PEDOGENIC IRON OXIDE MINERALOGIC VARIATION FROM A CLIMATIC AND GEOGRAPHIC TRANSECT OF THE LOESS PLATEAU, CENTRAL CHINA


WAGONER, Laureen, Geology, Univ of California, One Shields Ave, Davis, CA 95616, SINGER, Michael J., LAWR, Univ of California, Davis, CA 95616 and DENG, Chenglong, Institute of Geology and Geophysics, Chinese Academy of Sciences, POB#9825, Beijing, 100029, China, wagoner@geology.ucdavis.edu

The Loess Plateau of north central China (CLP) contains a 2.5 ma record of paleoclimate change. The modern climate is dominated by alternation of the warm, wet summer and cold, dry and windy winter monsoons. Former glacial climates on the CLP were likely dominated by winter-monsoon-like conditions and enhanced loess deposition, whereas interglacials were dominated by summer-monsoon-like conditions conducive to rapid weathering and soil formation.

The purpose of this work is to compare the iron oxide/oxyhydroxide mineralogy contained within 2 loess-paleosol couplets collected from 2 sites on the CLP. Wiggle matching of sedimentary magnetic susceptibility variations with the marine SPECMAP d18O record has established that the S1/ L2 (paleosol and parent loess respectively) couplet represents the Last Interglacial soil and preceding OIS-6 glacial loess.

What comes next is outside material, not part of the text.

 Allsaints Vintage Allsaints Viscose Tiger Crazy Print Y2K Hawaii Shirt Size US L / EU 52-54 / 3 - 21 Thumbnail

The S5/L6 paleosol-loess pair corresponds to the MIS 13-15/16 interglacial and glacial stages respectively.

The study sites represent a transect from the drier northern Plateau margin to the wetter southern margin. The northern Shimao site is characterized by coarse silts and oxidized sands derived from proximal desert sources. The southern Wei'nan site is distal to the dust sources and is characterized by thin, clayey, highly weathered loess and paleosols containing abundant redoxymorphic concentrations.

This project compares iron oxide mineral occurrence in loess and paleosols on an intra-site and regional basis. Oxide mineral variation within loess-paleosol couplets includes differences in grain size, mineralogy and origin. Silt to clay-size oxides are transported, whereas submicron oxides are formed in situ, often as coatings. Oxide mineral phases differ at the nanoscale in structure and reactivity compared to their macroscopic equivalents. The goal of this work is to establish correlations between the nanoscale iron oxides and the soil environmental conditions of their formation.

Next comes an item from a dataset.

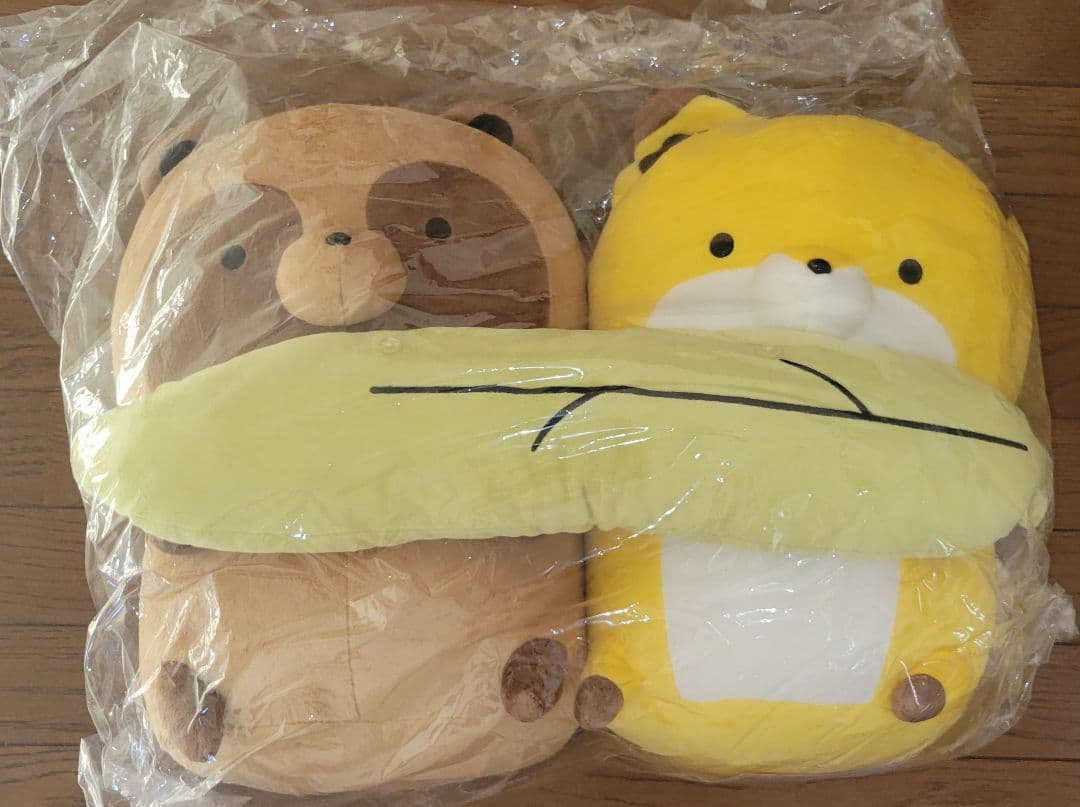 ★新品・未開封★タヌキとキツネ PCクッション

Bulk pedogenic iron oxides have been isolated and will be examined via analytical TEM for crystal chemistry and structure. This and surface scaling patterns will be used to help distinguish discrete populations of minerals. Finally, oxygen isotopes of iron oxides will be measured to directly compare regional hydrologic conditions with global proxies of climate change.